### Exercise directions
Leave out the pictures and output the data verbatim.

### Material to process
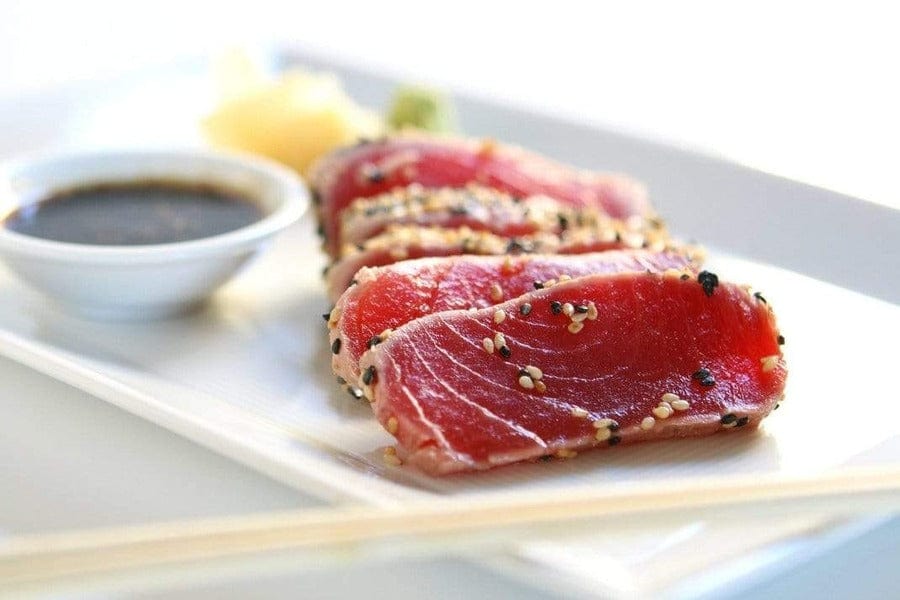 seared yellowfin tuna steak pieces with sesame seeds on a white plate with soy sauce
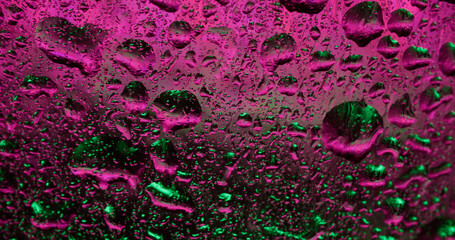 Wet texture. Neon drops. Pink green glass color glass water drip drizzle blur abstract fluorescent...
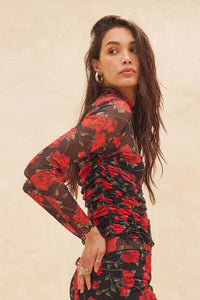 Woman wearing a black skirt & matching top with red floral patterns against a beige background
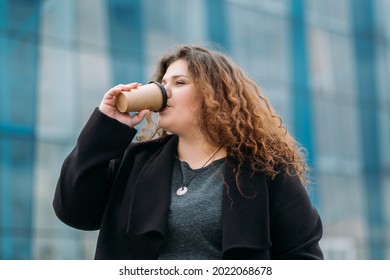 Coffee Break. Plus Size Woman. Enjoying Walk. Body Positive. Stylish Fatty Lady Drinking Hot Beverage In Paper Cup On Street City Huge Building.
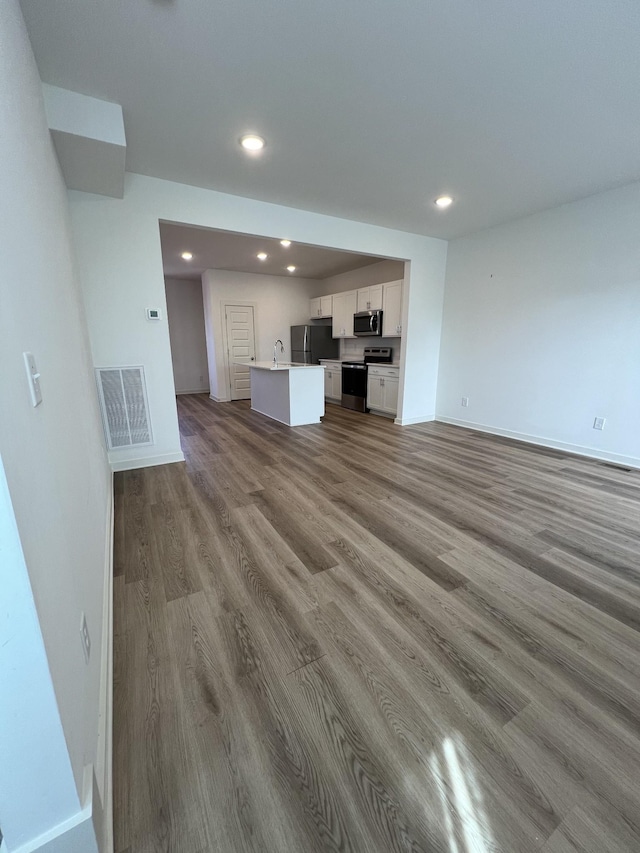 302 Williams Ave Unit 110, Madison, TN 37115 - unfurnished living room with a sink, visible vents, baseboards, recessed lighting, and wood finished floors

### Task response
 seared yellowfin tuna steak pieces with sesame seeds on a white plate with soy sauce
 Wet texture. Neon drops. Pink green glass color glass water drip drizzle blur abstract fluorescent...
 Woman wearing a black skirt & matching top with red floral patterns against a beige background
 Coffee Break. Plus Size Woman. Enjoying Walk. Body Positive. Stylish Fatty Lady Drinking Hot Beverage In Paper Cup On Street City Huge Building.
 302 Williams Ave Unit 110, Madison, TN 37115 - unfurnished living room with a sink, visible vents, baseboards, recessed lighting, and wood finished floors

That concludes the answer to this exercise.